» **Exercise description**
Leave out every picture, and restate word for word only the lines from the one containing "Volkswagen T2 Ambulance" through the end of the material.

::: Information supplied

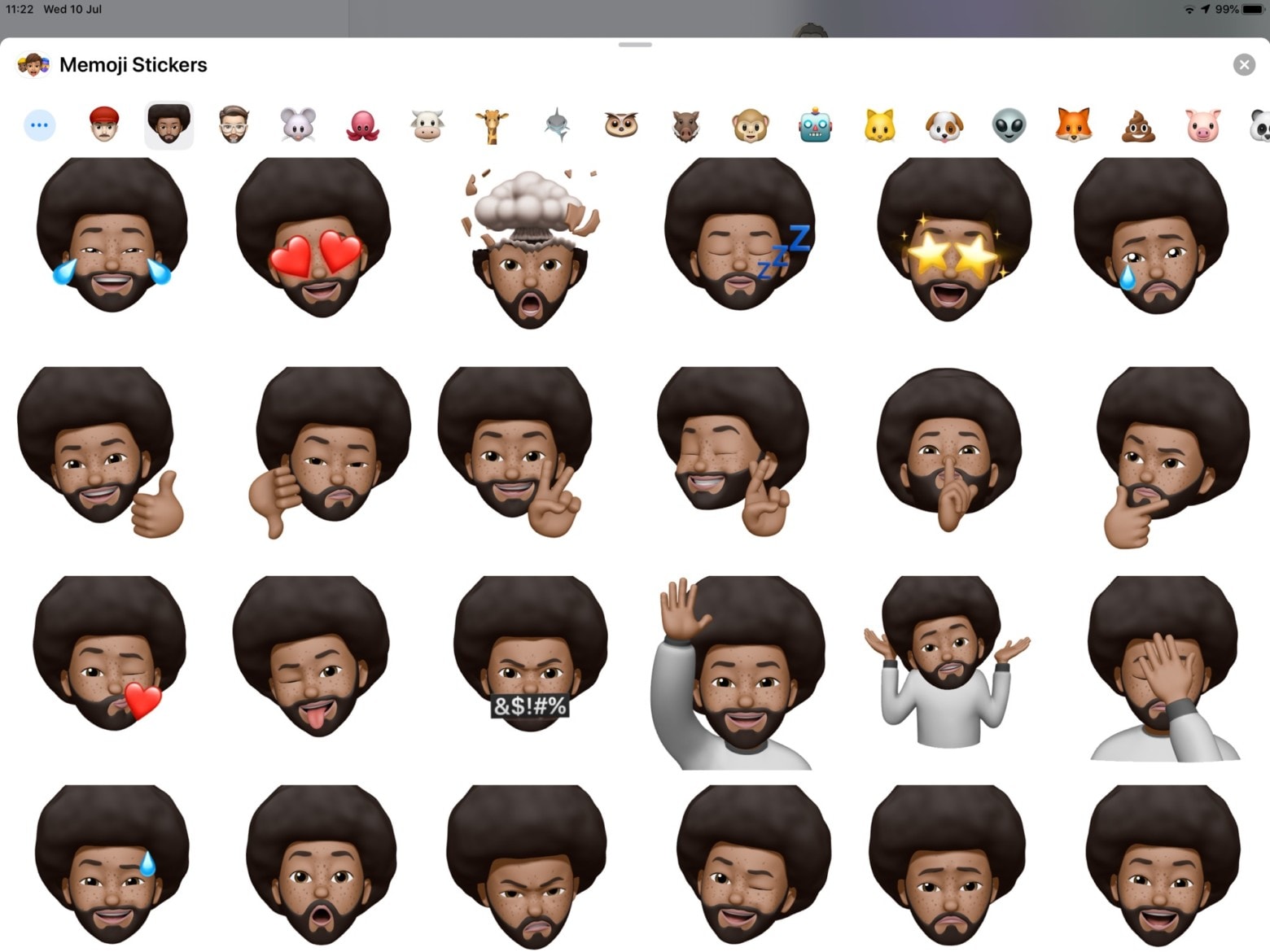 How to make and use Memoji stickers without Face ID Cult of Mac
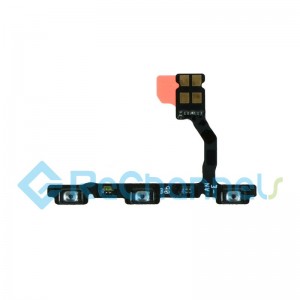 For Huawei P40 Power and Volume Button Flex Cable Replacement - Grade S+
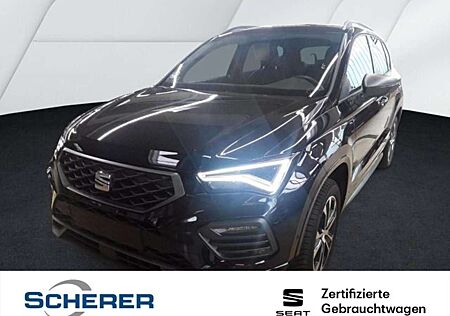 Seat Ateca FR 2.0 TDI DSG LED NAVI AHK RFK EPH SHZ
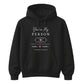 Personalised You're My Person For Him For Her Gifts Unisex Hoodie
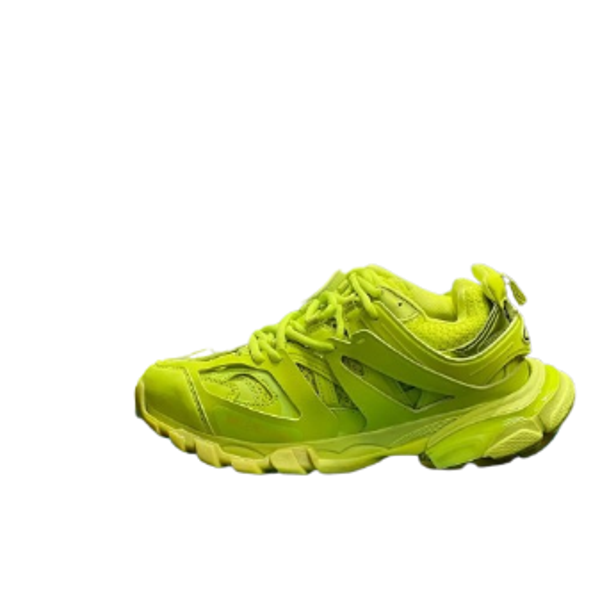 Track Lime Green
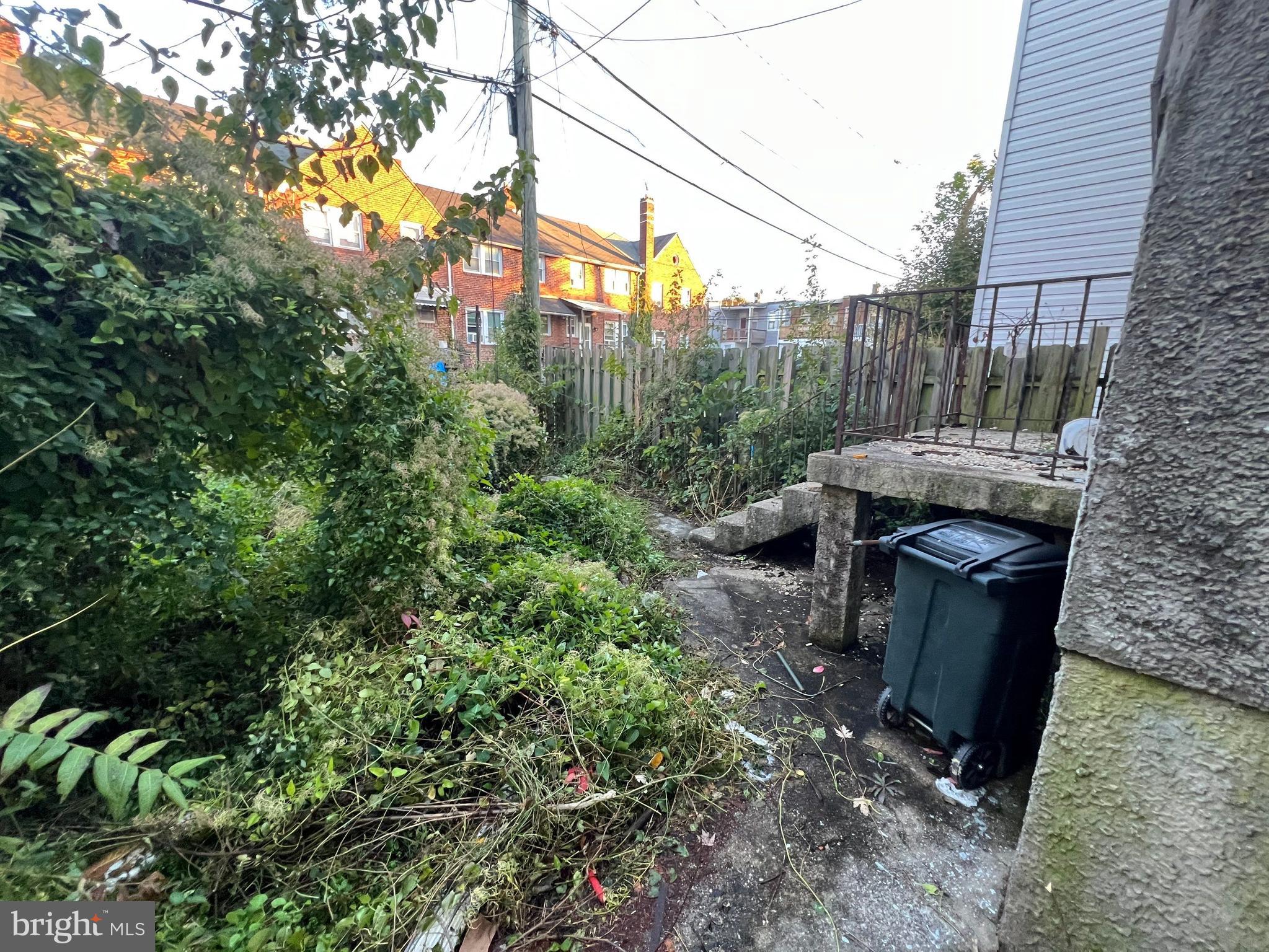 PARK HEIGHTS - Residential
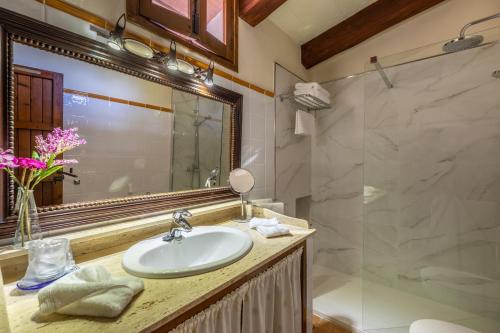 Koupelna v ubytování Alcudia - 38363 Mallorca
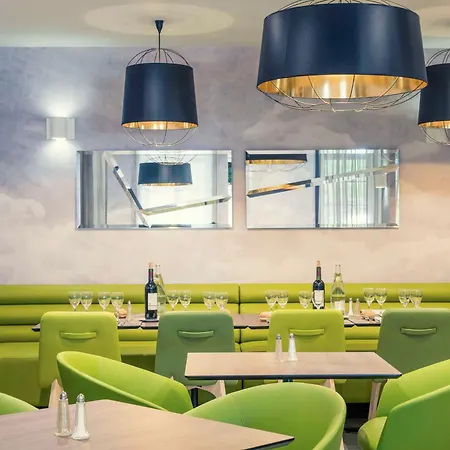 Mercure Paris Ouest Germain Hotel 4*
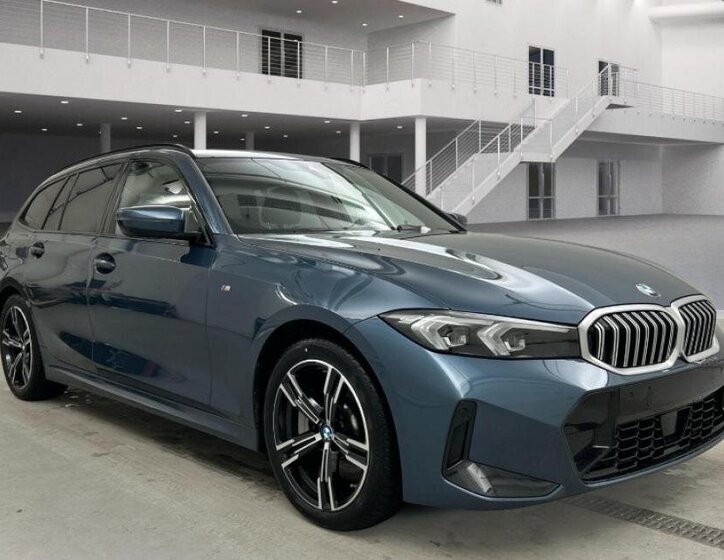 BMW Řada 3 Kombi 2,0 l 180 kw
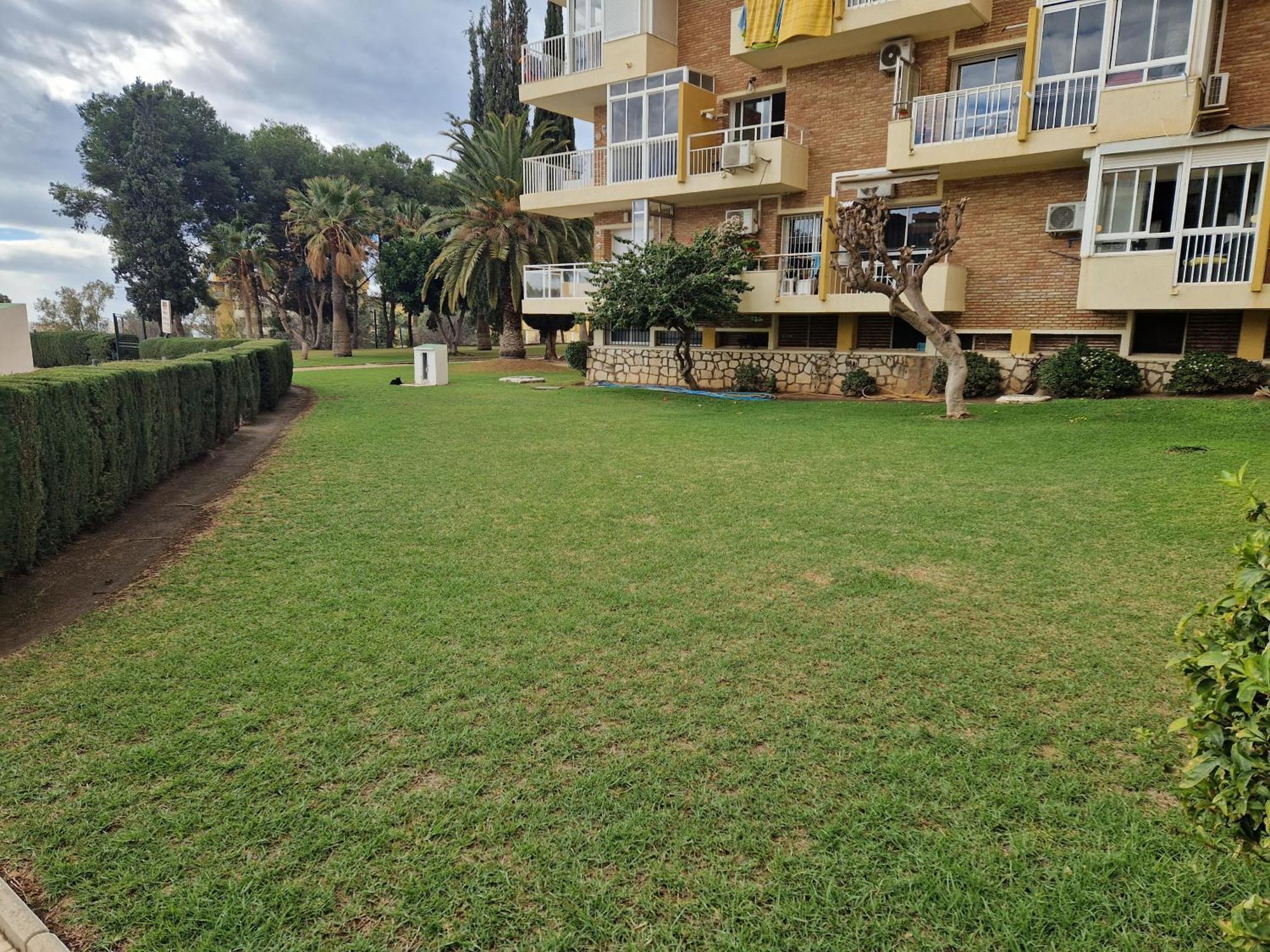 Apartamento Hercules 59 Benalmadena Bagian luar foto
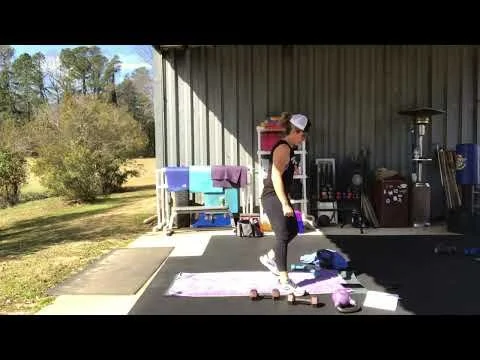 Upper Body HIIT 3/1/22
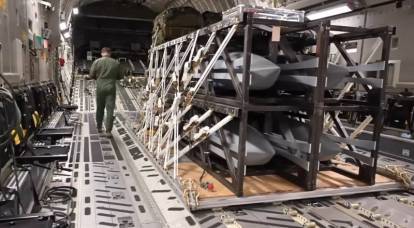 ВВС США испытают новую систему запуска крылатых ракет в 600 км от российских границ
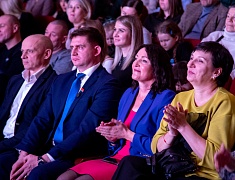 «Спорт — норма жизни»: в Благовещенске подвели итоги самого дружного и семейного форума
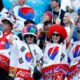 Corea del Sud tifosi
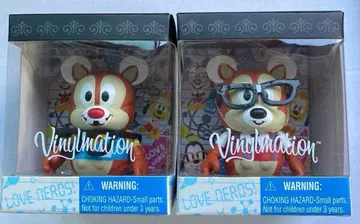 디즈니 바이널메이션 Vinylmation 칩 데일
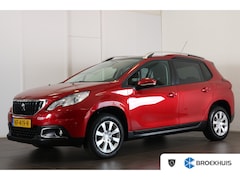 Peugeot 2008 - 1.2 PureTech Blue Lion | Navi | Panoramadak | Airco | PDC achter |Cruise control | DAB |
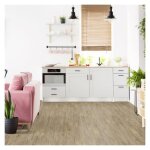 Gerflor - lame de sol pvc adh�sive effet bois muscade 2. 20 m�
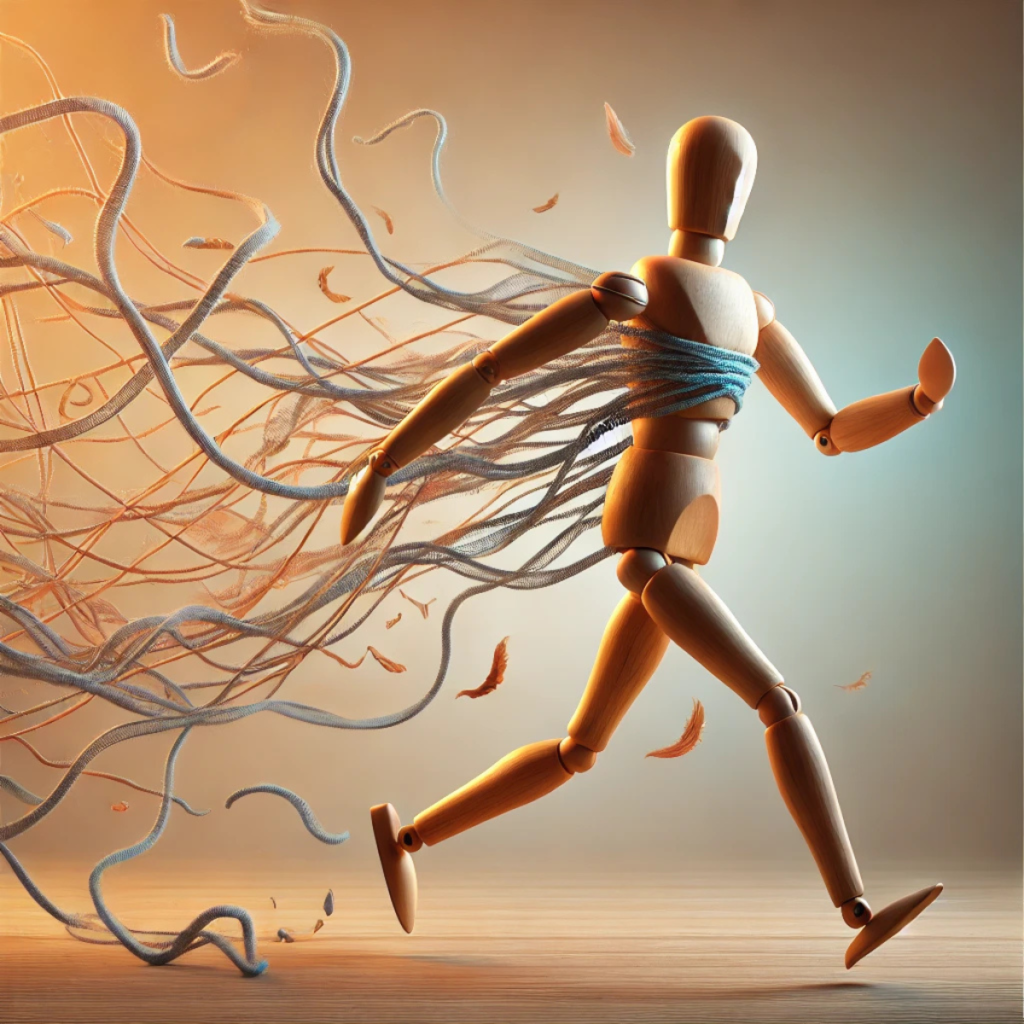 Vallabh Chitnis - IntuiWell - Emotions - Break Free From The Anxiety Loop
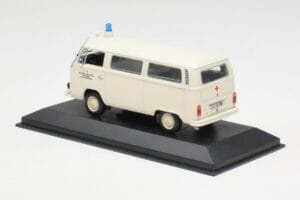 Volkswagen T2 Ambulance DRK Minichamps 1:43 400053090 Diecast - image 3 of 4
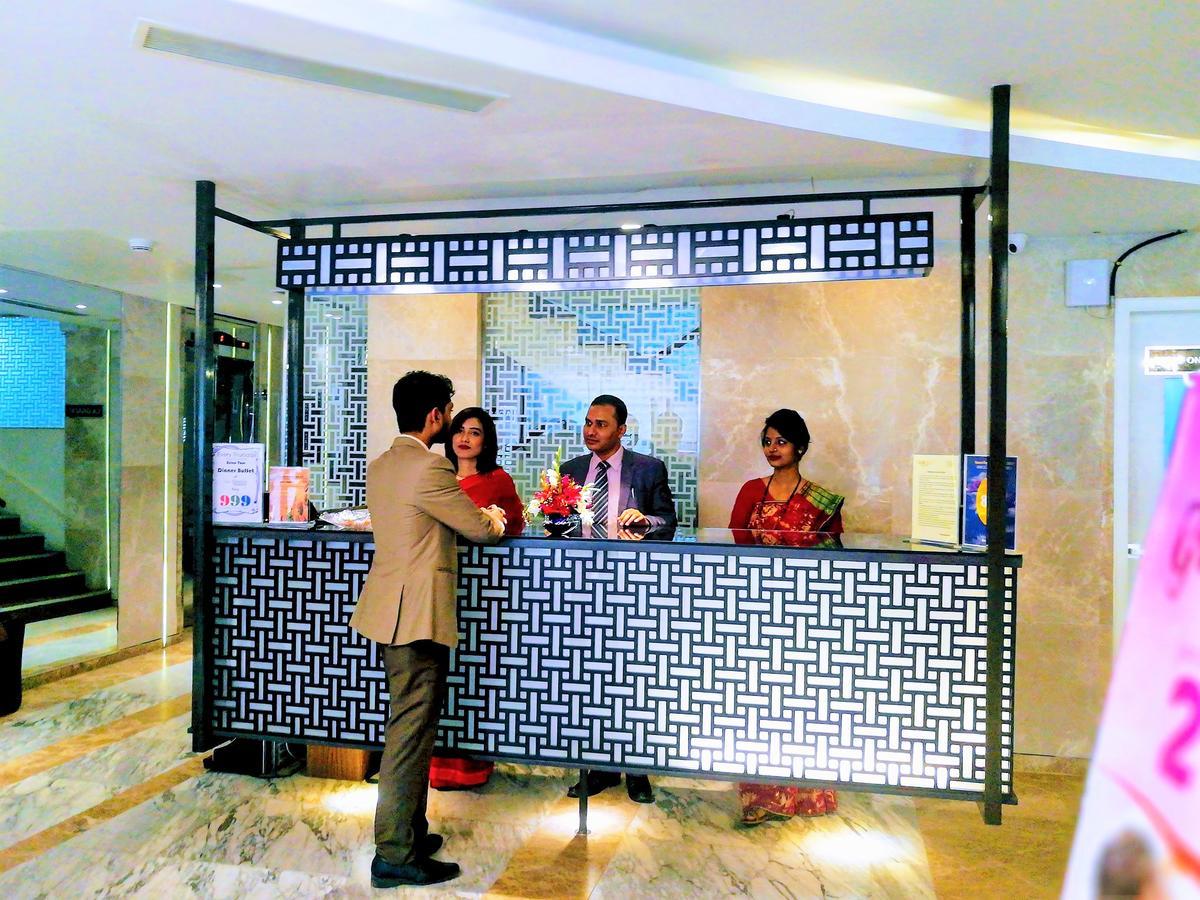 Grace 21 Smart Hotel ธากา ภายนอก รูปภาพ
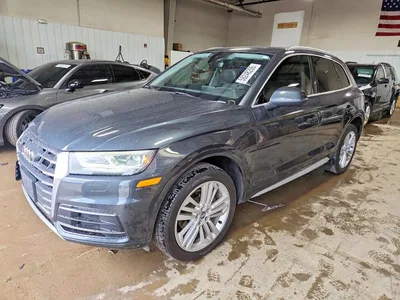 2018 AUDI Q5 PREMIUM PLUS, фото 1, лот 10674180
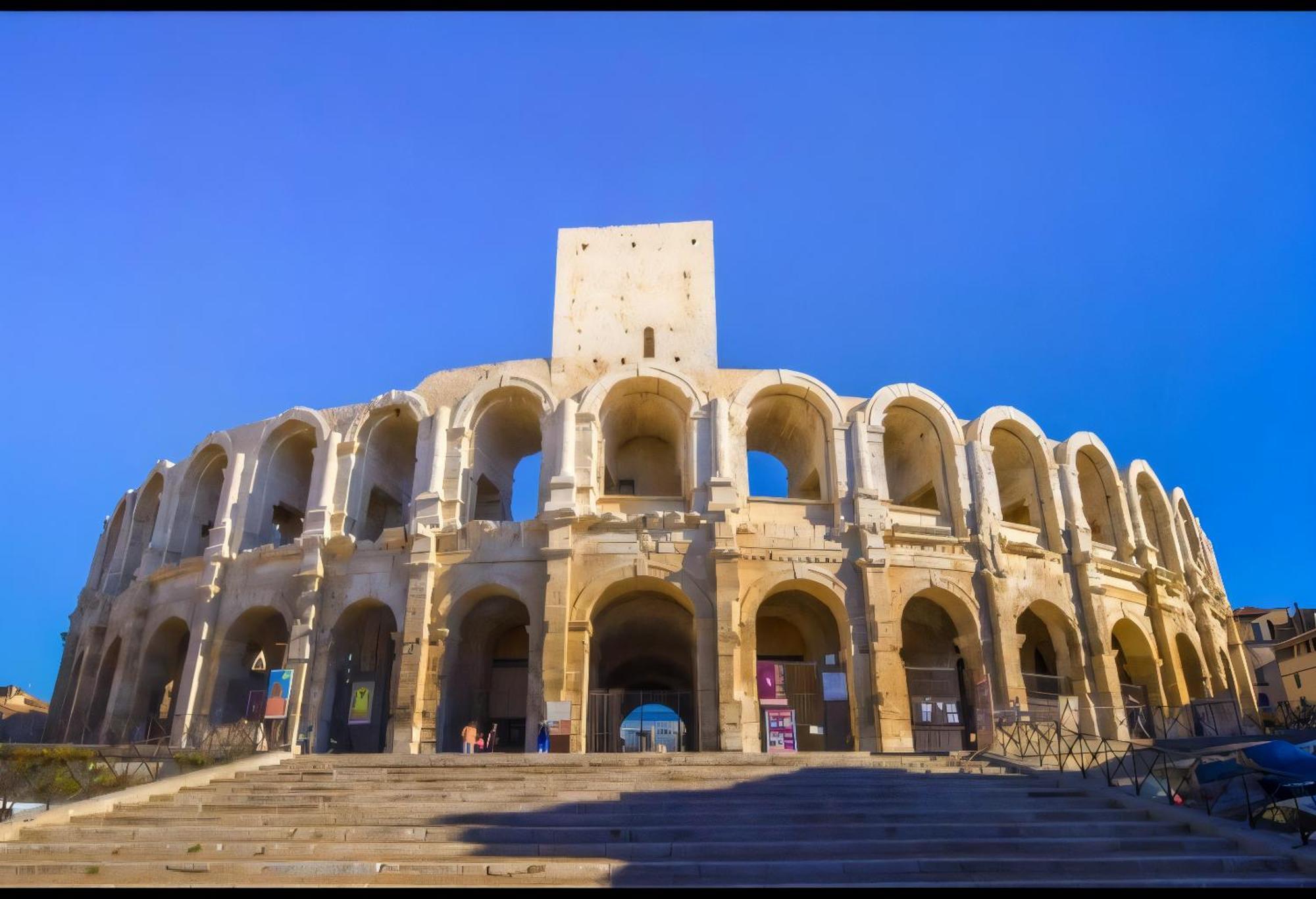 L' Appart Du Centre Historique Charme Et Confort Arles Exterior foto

::::::

» **Response for this exercise**
 Volkswagen T2 Ambulance DRK Minichamps 1:43 400053090 Diecast - image 3 of 4
 Grace 21 Smart Hotel ธากา ภายนอก รูปภาพ
 2018 AUDI Q5 PREMIUM PLUS, фото 1, лот 10674180
 L' Appart Du Centre Historique Charme Et Confort Arles Exterior foto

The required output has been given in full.